# come to the dark side my son........ Lord Vader



## Manny (Sep 1, 2009)

Last night's kenpo Class had a nice ending, we were practicing the 10 techs from yellow belt and sensei wanted to see performance, so he told us to arrange a street self defense esenario defeding ourselves from 3 diferent points from 3 diferent oponents, so I invented my esenario,and within 3 minutes I was ready.

The first BG will grab my lapels and I will use MACE OF AGRESION, the second BG will jump on me and aply a head lock that I have to take off using GRASP OF DEATH, and then do ATACKING MACE against the third BG.

First we did all in semi slow motion to everybody see the techs and then we proceded to perform at full speed.... WOW!!!! this is more fun than the one step sparring we do in TKD, everithing is so fast!!! this time I did the three techs very good with some variations, for example in the last tech (ATACKING MACE) afther the last punch to the rib cage I finished with a take down the first time and the second time I finished with a trow.

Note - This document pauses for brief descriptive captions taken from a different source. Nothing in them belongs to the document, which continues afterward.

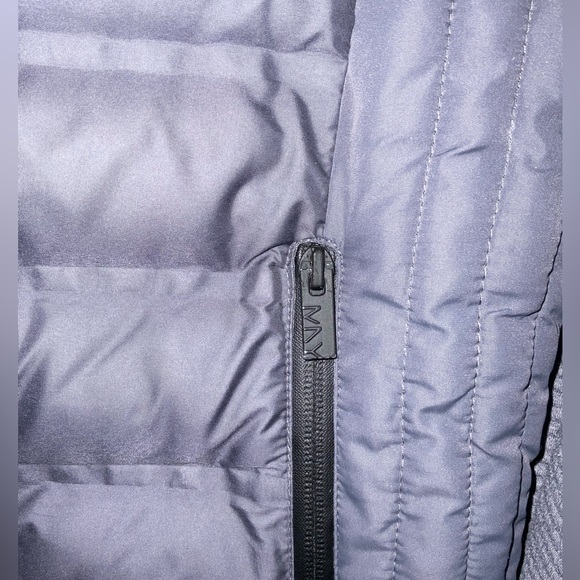 Marc New York Blue/Grey Puffer Mixed Media Jacket with Knit Sleeves 🧥 - Picture 9 of 15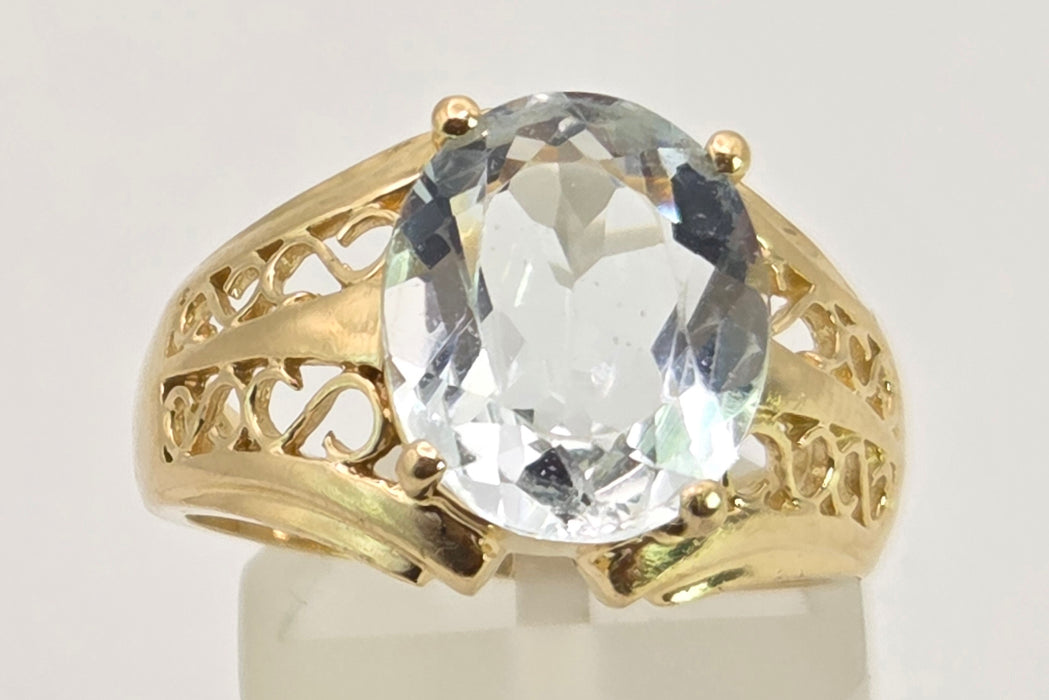 2948: Vintage 14ct Gold Large Pale Blue Aquamarine (3.67ct) Openwork Cocktail Ring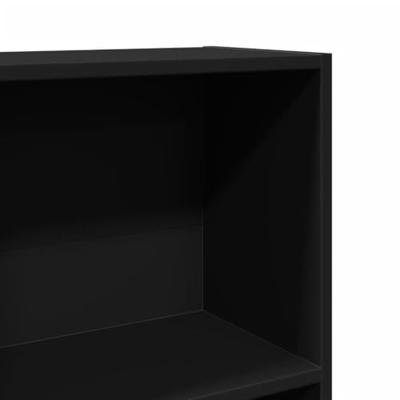 Boekenkast 60x24x109 cm bewerkt hout zwart
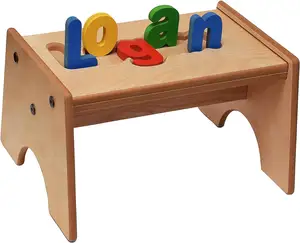 婴儿个性化名称拼图幼儿脚凳定制儿童木制脚凳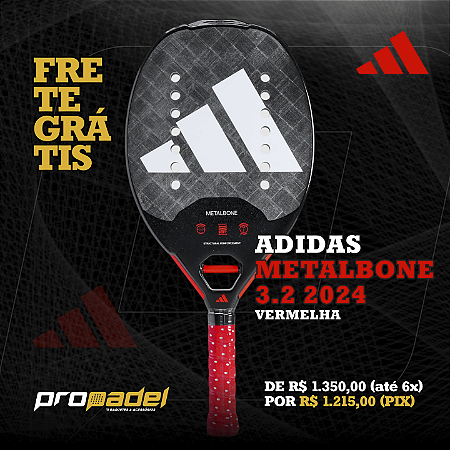RAQUETE BEACH TENNIS ADIDAS METALBONE 3.2 VERMELHA 2024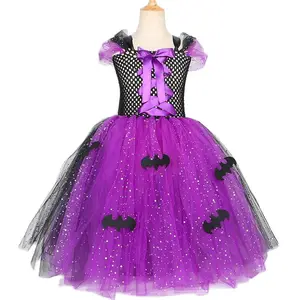 Halloween Purple Tutu -Rock, Schachweste gestreifter Teile, Kuchenrock, Hexenkleid, Mädchen spielt, leuchtende Farbe LED 10 Hauptverkaufsrock lila - №9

Afther class I herd Lord Vader inside my head telling me ....Come to the dark side my son..... well afther all I was wearing a black gi.

Manny


----------



## celtic_crippler (Sep 1, 2009)

LOL

...addictive isn't it? :jediduel:


----------



## Manny (Sep 1, 2009)

celtic_crippler said:


> LOL
> 
> ...addictive isn't it? :jediduel:


 
So much I must say. Celtic, the truth is I am enjoy this journey a lot.

Manny


----------



## shaolinmonkmark (Sep 1, 2009)

Manny said:


> So much I must say. Celtic, the truth is I am enjoy this journey a lot.
> 
> Manny


 



LOL!!!
But, here are some statements my master always reminds us of:

1.To follow the path of the raven, is to only become one in a grave.

2.He who knows when enough is enough, shall always have and know Enough!

Now, the darkside:
(LOL!!)

http://www.youtube.com/watch?v=8fKVzJdhHKA&feature=channel_page

http://www.youtube.com/watch?v=DLe5QcBjTlc&feature=channel_page





 
( pm me if you have become a "Kempo fiend"!)


----------



## Xinglu (Sep 1, 2009)

I'm glad you are enjoying your journey   and I'm glad to see that you are getting exposed to some good training methods.


----------



## TigerCraneGuy (Sep 1, 2009)

Hey Manny,

Welcome to the Kenpo Addicts Club, friend!

Remember, as Morpheus said, once you take that pill, there's no turning back...

Mwahahaha!:uhyeah:

P.S. Used to take TKD, so I know what you mean by the 1-step Sparring.


----------



## shaolinmonkmark (Sep 1, 2009)

TigerCraneGuy said:


> Hey Manny,
> 
> Welcome to the Kenpo Addicts Club, friend!
> 
> ...


 


I concur with you on the "Morpheus Pill"
You can take this one and remain  where you are at, or, you can take the other and wake up to the truth!
LOL!


----------



## shaolinmonkmark (Sep 1, 2009)

TigerCraneGuy said:


> Hey Manny,
> 
> Welcome to the Kenpo Addicts Club, friend!
> 
> ...


 


here it is, just for manny!
LOL!





(choose the red pill!)


----------



## suicide (Sep 1, 2009)

just dont burn yourself out , enjoy the ride - there will be alot of ups and downs - times when you will feel beat and feel like quitting , in times like those fall back and re group take it back to the basics ... and never leave your tae kwon do thats your foundation !


----------



## Manny (Sep 2, 2009)

suicide said:


> just dont burn yourself out , enjoy the ride - there will be alot of ups and downs - times when you will feel beat and feel like quitting , in times like those fall back and re group take it back to the basics ... and never leave your tae kwon do thats your foundation !


.

I know what you talk about, in TKD I have had my ups and downs, some times I quit, some times I retook it with passion, I don't want to leave TKD and want to succed in Kenpo only time will tell and I hope not burn myself out in the process.

I love to learn new stuff, I think I will never stop to be a student, I have hunger of knowledge in MA.

My TKD sambonim told me last night afther class the we have a Hap Ki Do seminar on september 26 and 27 and I want to take it.

MA are a beutiful thing... aren't they???

Manny


----------



## Kenpo17 (Sep 4, 2009)

nice, glad it flowed for you.


----------